- _TASK STATEMENT_: Your task is to retype, exactly, the line containing "2013 Chrysler 200 Touring" and every later line through the end of the listing, with pictures omitted.

- _DATA BLOCK_:
-----

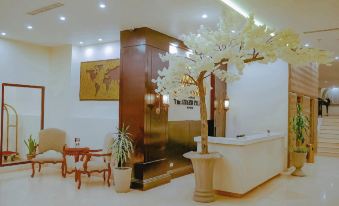 The Grand Palace Hotel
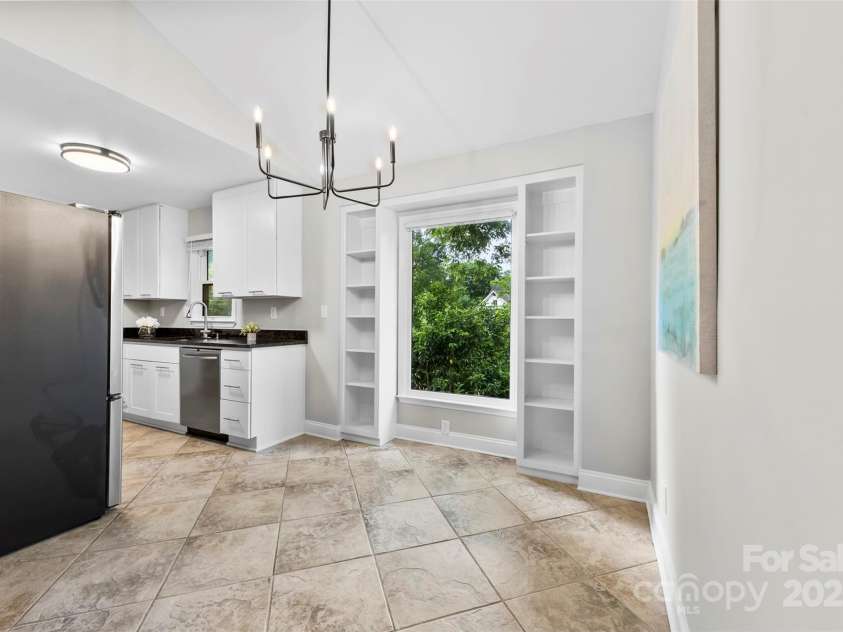430 Queens Road, Charlotte, NC 28207.  MLS# CAR4259102, YatesRealty ID 1686. 
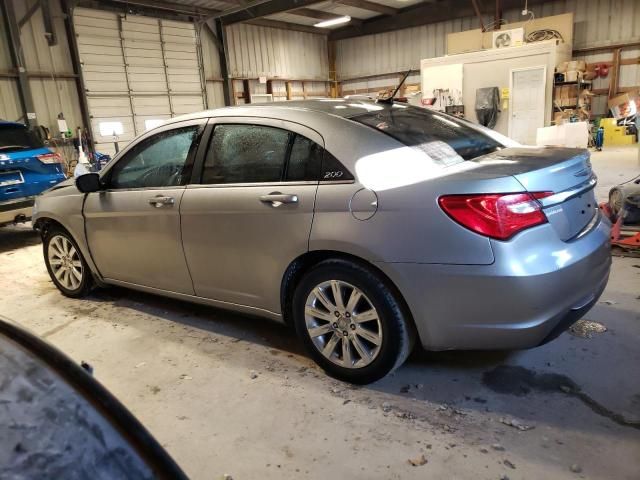 2013 Chrysler 200 Touring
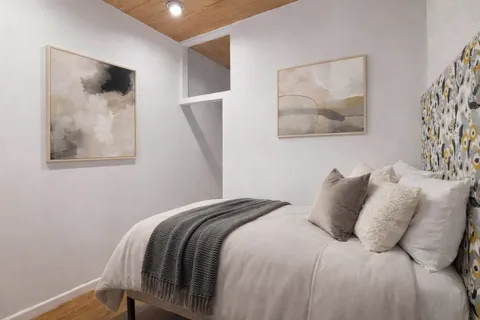 $499,000 | 521 East 83rd Street, Unit 1W | Upper East Side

-----

- _RESPONSE BELOW_:
 2013 Chrysler 200 Touring
 $499,000 | 521 East 83rd Street, Unit 1W | Upper East Side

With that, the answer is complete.